When the servant was gone, Mr. Sheldon sat down and examined the document she had given him.

Yes, it was in due form. A certified copy of the certificate of a marriage performed that morning at the church of St. Matthias-in-the-fields, Paddington, and duly witnessed by the registrar of that parish. If this document were indeed genuine, as to all appearance it was, Valentine Hawkehurst and Charlotte Halliday had been married that morning; and the will and the policy of assurance deposited with Mr. Kaye the bill-discounter were so much waste-paper.

And they had fooled him, Philip Sheldon, as easily as this! The furious rage which he felt against all these people, and, more than against them, against his own besotted folly for allowing himself to be so fooled, was a sharper agony than had ever yet rent his cruel heart. He had been a scoundrel all his life, and had felt some of the pains and penalties of his position; but to be a defeated scoundrel was a new sensation to him; and a savage impotent hate and anger against himself and the universe took possession of his mind.

He walked up and down the room for some time, abandoned wholly to the ungovernable rage that consumed him, and with no thought beyond that blind useless fury.
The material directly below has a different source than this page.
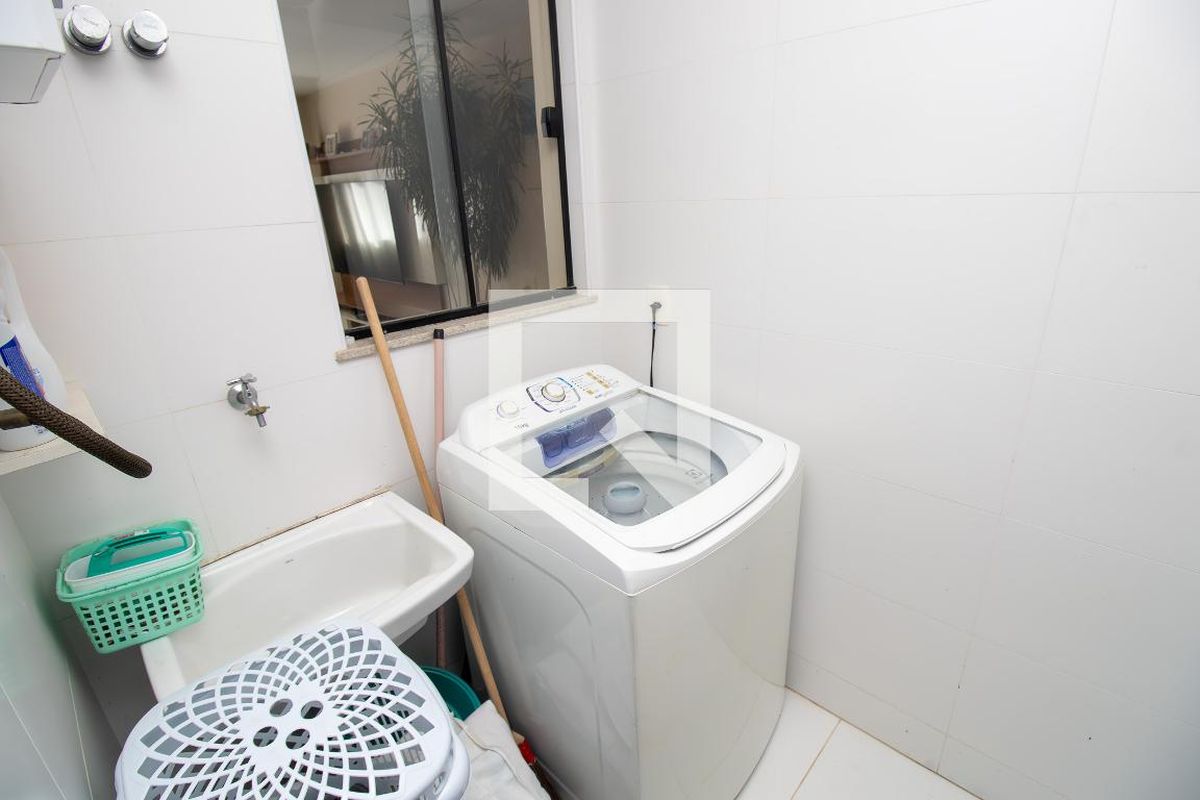 Casa, 3 quartos, 130 m² - Foto 96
And then there came upon him the feeling that was almost a part of his mind--the consciousness that something must be done, and promptly. Whatever his position was, he must face it. His hurried pacing to and fro came to a sudden stop, and he took the crumpled document from his packet, and examined it once more.

There seemed little doubt that it was genuine; and a visit to the church where the marriage was stated to have been performed would immediately place the matter beyond all doubt. With the copy of the certificate, he had taken from his pocket the letter that had enclosed it. He saw now that the envelope was addressed in Hawkehurst's hand.

"Favoured by Dr. Jedd," he had written in a corner of the envelope.

Why should Dr. Jedd "favour" Mr. Hawkehurst's letter? Why, indeed, unless there had been a conspiracy concocted by these men against his authority and his interests?

Valentine's letter was brief and business-like.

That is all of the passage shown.